Tycho Brahe, astrónomo del siglo XVI, tenía un alce al que dejaba en libertad durante las fiestas y del que dicen que consumía más alcohol que los humanos. Una noche el pobre animal bebió demasiada cerveza durante la cena, se cayó por las escaleras y murió.
Iván el terrible tenía dos o más osos en su Castillo, deliberadamente mal alimentados. A veces les arrojaba prisioneros para que los devoraran, o los soltaba contra inocentes transeúntes solo por divertirse.

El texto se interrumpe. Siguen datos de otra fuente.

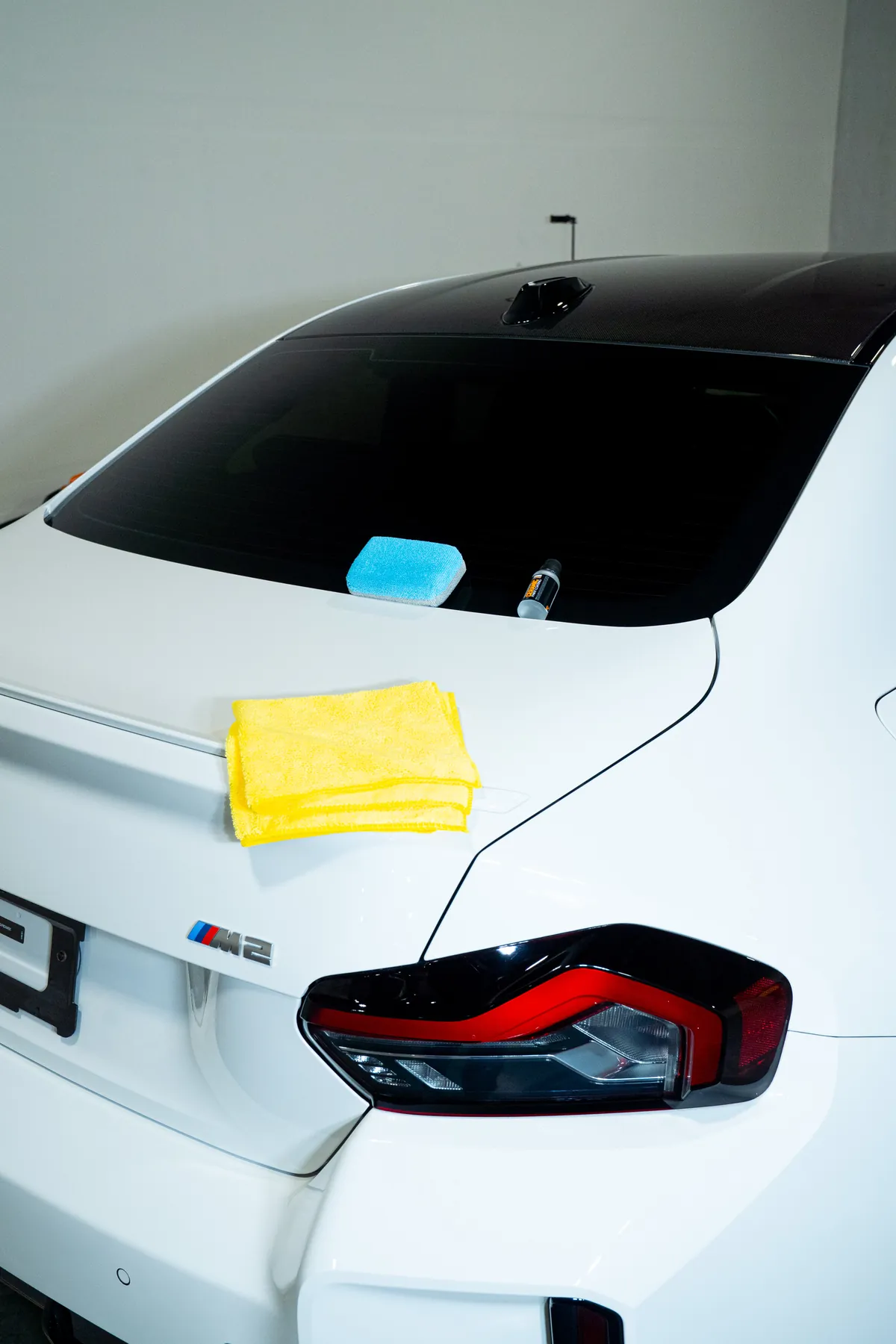 The rear quarter of a white BMW M2 after a coating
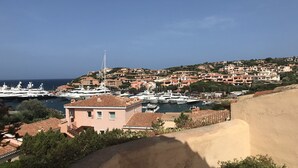 Une ville côtière dotée d’un port de plaisance, de bâtiments aux toits de tuiles rouges et d’une colline où se trouvent des habitations.
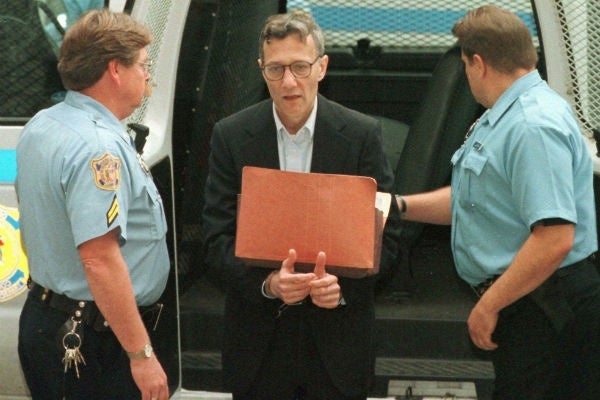 Murder suspect Thomas Capano is led into the courthouse by Corrections officers, for the third day of jury selection in Wilmington Del., Thursday, Oct. 8, 1998. Capano was convicted of murder charges in the death of Delaware gubernatorial secretary Anne Marie Fahey in 1996. (AP Photo/Tim Shaffer, Pool)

Otros personajes también tuvieron osos: el presidente Thomas
Jefferson tenía dos oseznos, y el rey Ptolomeo II de Egipto amaba
a un “oso blanco” que tenía en su colección particular, y siempre lo
ponía al frente de todos los desfiles. Los expertos opinan que no se trataba de
un oso polar, sino de un oso pardo sirio, que a menudo tiene un color muy claro
y vivía en Egipto y en los países circundantes en la antigüedad.

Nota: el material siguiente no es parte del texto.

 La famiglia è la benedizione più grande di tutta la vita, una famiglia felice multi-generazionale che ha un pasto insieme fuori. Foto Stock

En el siglo XVIII los loros se popularizaron como mascotas, de lo
que dan testimonio numerosas pinturas. A la gente le divertía la capacidad del
loro para memorizar conversaciones y repetirlas después, en momentos no siempre
oportunos y que producían situaciones jocosas.
A la emperatriz Josefina le gustaban las mascotas
exóticas. Su favorita era un orangután al que le permitía sentarse
con ella a la mesa el plato favorito del orangután eran los nabos. Vestía al
animal con una camisa de algodón blanco, y estaba amaestrado para mostrar
buenos modales ante los invitados. En la Malmaison, la emperatriz Josefina vivía
rodeada de canguros, avestruces, cebras, antílopes, gacelas y cisnes negros,
importados de Australia para que nadaran en su lago. Enviaba a un explorador,
Nicolas Baudin, en busca de plantas y animales raros por todo el mundo, sin
olvidar su Martinica natal, para que adornaran los que pretendía que fueran los
jardines más hermosos de Europa. Además Josefina amaba a los perros, y
utilizaba a uno de ellos, llamado Fortuna, para enviar mensajes
secretos a su familia mientras estuvo prisionera en Les Carnes. Cuentan que
Napoleón tuvo que aceptar que el perro se acostara en su cama, porque Josefina
le dijo que si Fortuna no podía dormir allí, tampoco lo haría ella.
El marqués de Lafayette tenía un caimán que le regalaron durante un viaje por Estados Unidos en 1825. Cuando visitó la Casa Blanca, el marqués llevaba su mascota consigo y lo alojó en una bañera. Este caimán no fue el único que residió en la Casa Blanca: el segundo de los hijos del presidente Hoover tenía dos, y vagaban libres por los terrenos de la residencia.